Les rapports du gouverneur général et surtout ceux du général de Lamoricière auquel revient tout l’honneur de la soumission d’Abd-el-Kader ont appris à la France entière le dénoûment dramatique de la première phase de la guerre d’Afrique. Ces faits sont si connus maintenant de tous nos lecteurs, qu’il serait inutile même de les résumer ; qu’il nous suffise de rappeler que, le 24 [décembre 1847], dans l’après-midi, Abd-el-Kader fut reçu au marabout de Sidi-Brahim par le colonel de Moutauban, que rejoignirent bientôt les généraux de Lamoricière et Cavaignac. Une heure après, amené à Nemours (Djemaa-Ghazaouet), il était présenté au gouverneur général S. A. R. le duc d’Aumale, qui y était arrivé le matin même, et auquel il remettait un cheval de soumission. Le prince gouverneur ratifia la parole donnée par le général de Lamoricière, qu’Abd-el-Kader serait conduit à Alexandrie ou à Saint-Jean-d’Acre, avec le ferme espoir que le gouvernement du roi lui donnera sa sanction. Le 24, Abd-el-Kader s’embarquait pour Oran, et d’Oran, l’Asmodée l’a amené à Toulon, où il est, comme on le sait, arrivé le 29 avec sa famille et sa suite. […]
Au moment où nous écrivons, Abd-el-Kader est encore au lazaret de Toulon, où il attend que le gouvernement français ait prononcé sur son sort. Quel sera l’avenir de cet homme dont le passé a été si glorieux et dont la condition présente est si misérable ? Nul ne peut le prévoir; mais nous désirons vivement que le ferme espoir de S. A. R., le duc d’Aumale soit complètement trompé, et nous espérons, quant à nous, que le gouvernement du roi n’accordera pas sa sanction à la parole imprudente donnée par le général de Lamoricière. Envoyer Abd-el-Kader en Syrie ou en Egypte, ce serait lui rendre, aux yeux des Arabes, tout le prestige qu’il vient de perdre ; ce serait entraver et arrêter tous les progrès de la colonisation naissante par la menace perpétuelle d’une nouvelle prise d’armes ; ce serait mettre une arme terrible aux mains de notre plus redoutable ennemie, l’ Angleterre ; ce serait, en un mot, se rendre coupable d’un acte de haute trahison envers la France …[…]
Que la paix et la tranquillité règnent pendant quelques années seulement en Algérie, et la colonisation, si longtemps incertaine, n’hésitera plus à se développer.
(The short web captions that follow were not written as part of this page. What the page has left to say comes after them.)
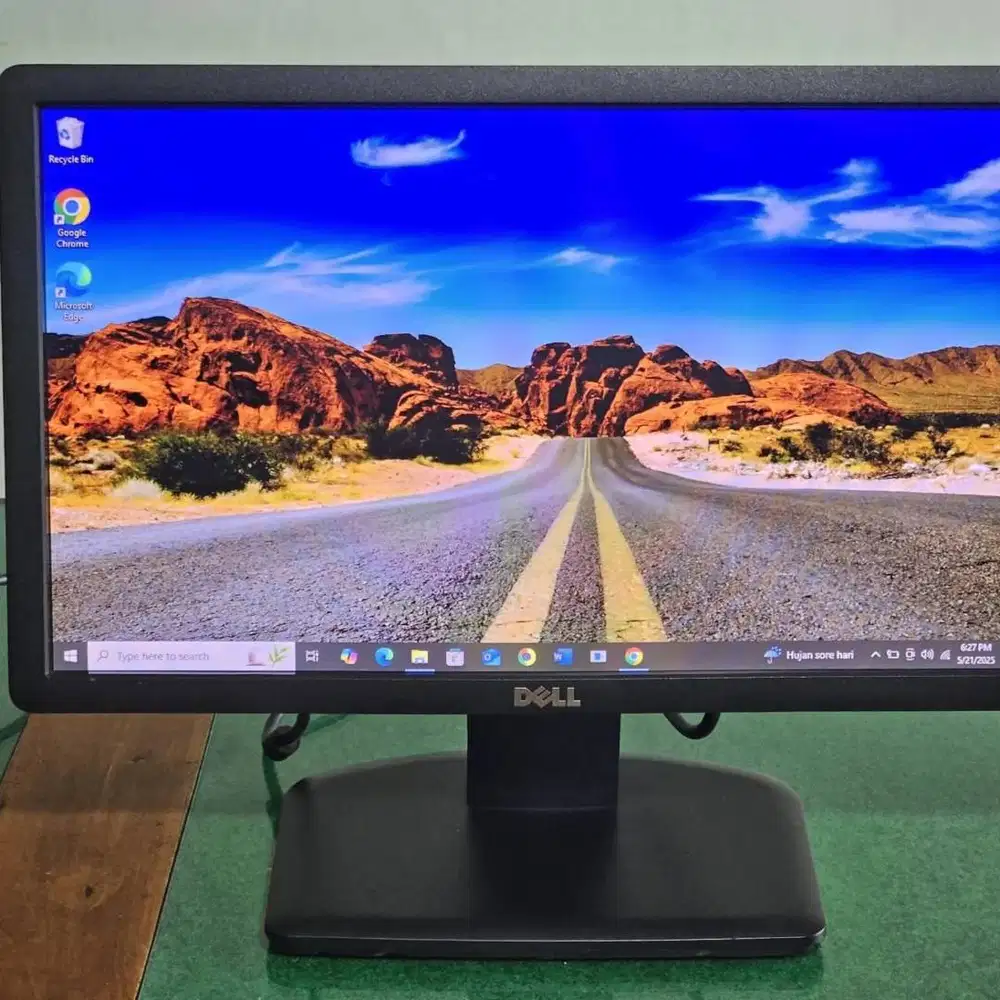 Monitor LED DELL 19 inci Kabel VGA Bagus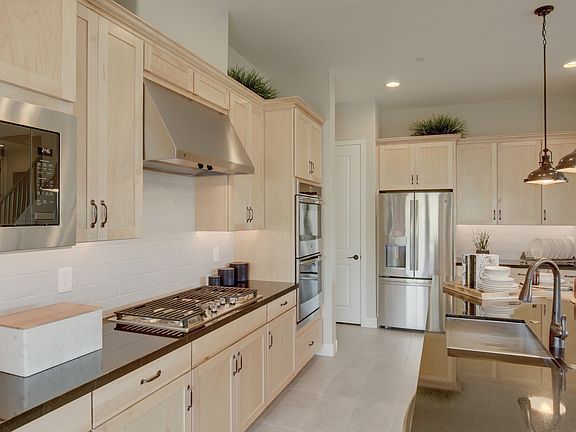 Ample cabinet space in kitchen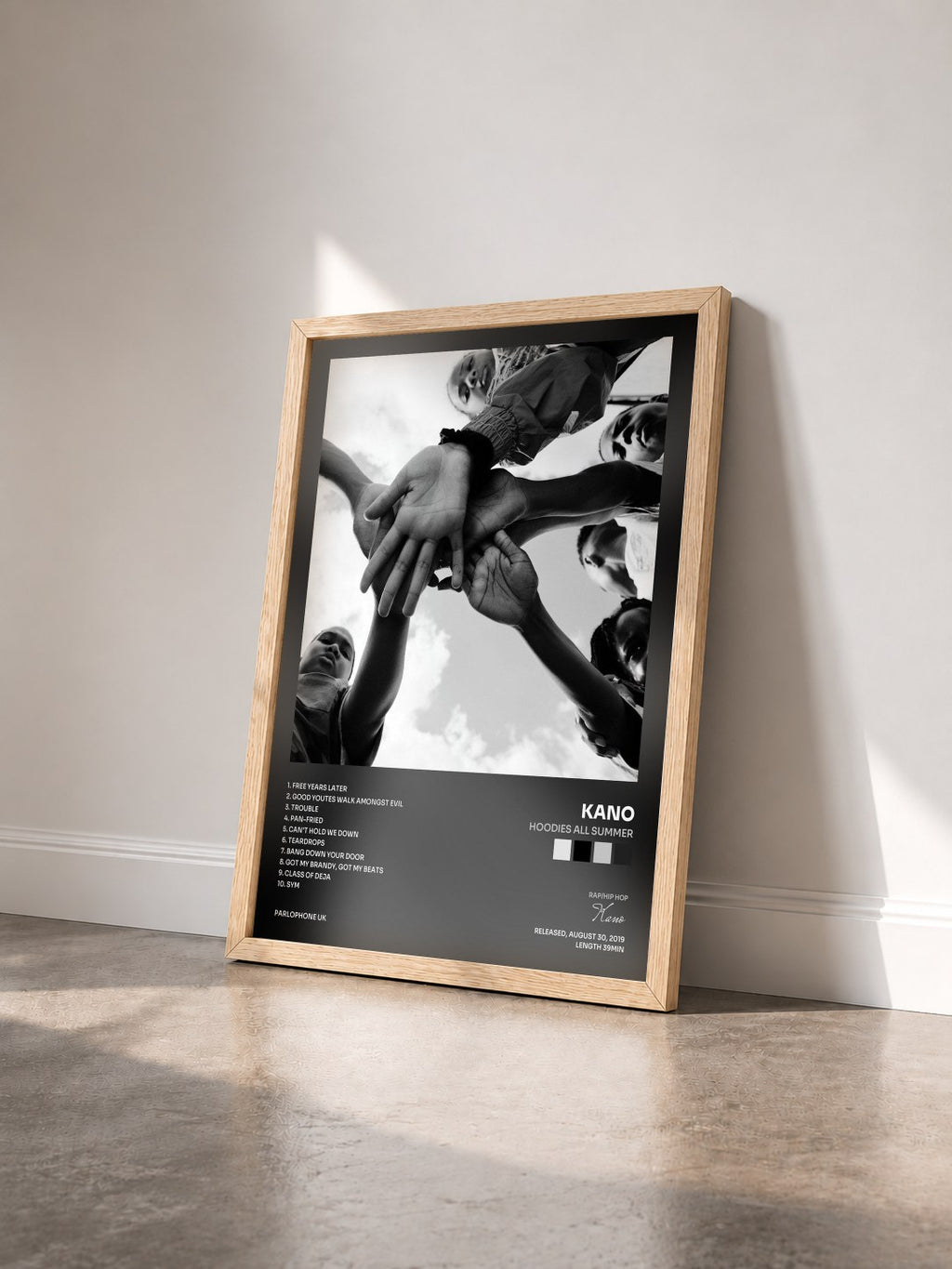 #bois Tableau de l'album Hoodies All Summer de Kano vu de trois quarts, cadre en bois brut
Non seulement la France, l’Allemagne, l’Espagne et l’Italie enverront en Afrique un plus grand nombre d’hommes et des capitaux plus considérables, mais les Arabes eux-mêmes ne tarderont pas à prendre part au mouvement général, à se métamorphoser, à se civiliser, à se confondre, dans de certaines limites, avec la population européenne […].